Lo sabe bien el ministro de Fomento cuando ha explorado, en voz alta, los posibles cambios en la política fiscal del Gobierno. Las palabras cuando son ambiguas o confusas pueden tener consecuencias económicas y sociales no deseadas de gran trascendencia. La confusión es la munición del caos porque deja espacio a las interpretaciones múltiples, se pierde la iniciativa y se abre la puerta a la especulación, que no es lo mismo que la opinión razonada y argumentada. Los globos sonda casi siempre explotan en la cara del que sopla.
Imprecisión. Las imprecisiones alimentan la arbitrariedad interpretativa o a las casuísticas no contempladas. La claridad es una exigencia de la buena gestión y de la buena política. Stéphane Dion, político canadiense que destacó por la manera en que había defendido sus posiciones políticas en favor del federalismo canadiense frente a los independentistas quebequenses, impulsó "la política de la claridad". El mérito estuvo en no abordar las diferencias desde posiciones ideológicas, sino desde las consecuencias que en la vida real de las personas tendrían la aplicación de determinados postulados. Claridad en los costes y en las repercusiones de las decisiones políticas. Ahí está la clave.
Y también en el lenguaje. La prestigiosa revista The Economist, en su libro de estilo, recomienda: "La claridad en la escritura refleja la claridad del pensamiento. Piensa lo que quieras decir y entonces dilo tan simple como sea posible".
Descoordinación. La información pública no depende sólo de los medios de comunicación. La praxis en la ejecución es tan determinante como las ideas o las iniciativas. Detrás de cada decreto, reglamento, orden o instrucción hay muchos organismos, instituciones y administraciones implicadas. Y en ellas funcionarios, técnicos y proveedores que en su función de servidores públicos son insustituibles para una información de calidad. Los recursos humanos asociados a la información se convierten en clave para el éxito, así como la coordinación institucional.

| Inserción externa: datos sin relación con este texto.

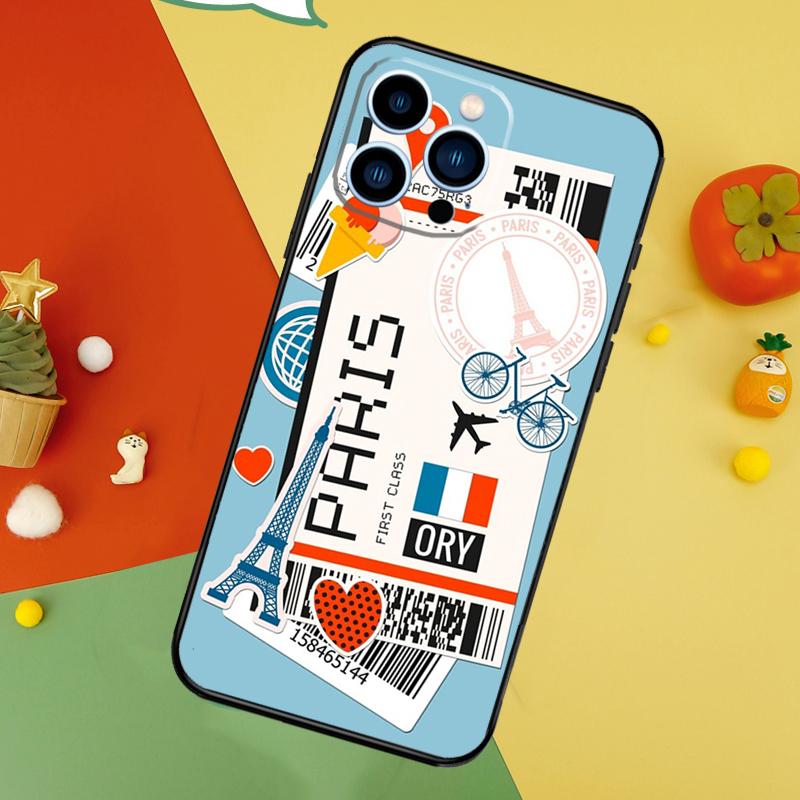 Кейс для iPhone 15 16 11 13 12 14 Pro Max Mini X XR XS 7 8 Plus в виде посадочного талона на рейс в Токио, Задняя крышка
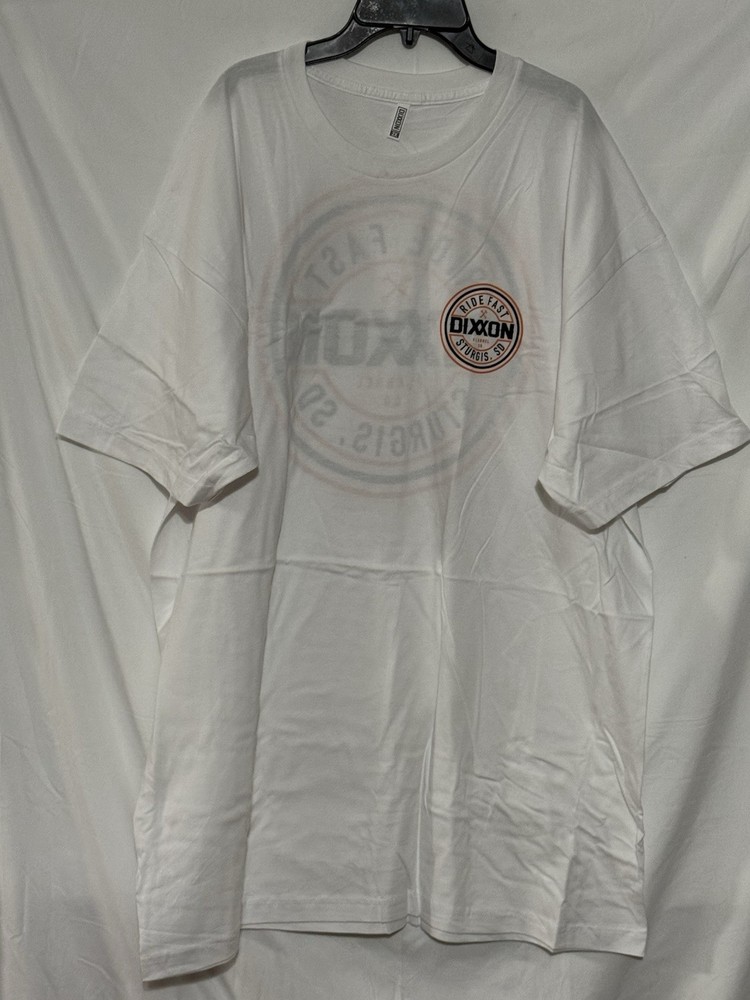 75 characters ✔) Alternate: Dixxon Sturgis Ride Fast Corpo White Tee 2XL NWOT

Ignorar estos principios es un craso error. Las decisiones en la vida pública se materializan en personas que atienden a ciudadanos a través de teléfonos, mostradores o servicios de e-Administración, entre otros. Sin ellas, y sin su escucha activa sobre cómo orientar o ejecutar la praxis pública, no hay políticas de información con garantías. Y la publicidad, con su eficacia limitada, no puede soportar todo el peso de las políticas de información.
El Gobierno español parece que haya tenido este verano una insolación informativa. Demasiada exposición sin protección. Ahora el presidente Zapatero, consciente de que la frontera entre la desconfianza, el ridículo y la falta de respeto se cruza con facilidad, parece que ha decidido cambiar el paso. La seriedad informativa y la coordinación comunicativa sólo pueden obtenerse con mejor dirección política, y parece que los vicepresidentes van a jugar un papel más proactivo. El Gobierno tiene también algunos sólidos y eficaces puntales comunicativos como los responsables de Interior o Sanidad. El tiempo de los conejos en la chistera ya pasó. No hay nada más triste que un mago al que se le ven todos los trucos con el auditorio en silencio, atrapado por la incomodidad. Se impone una reacción. El orden será importante: políticas claras, informaciones precisas, comunicación convincente, coordinación eficaz y gestión ejemplar.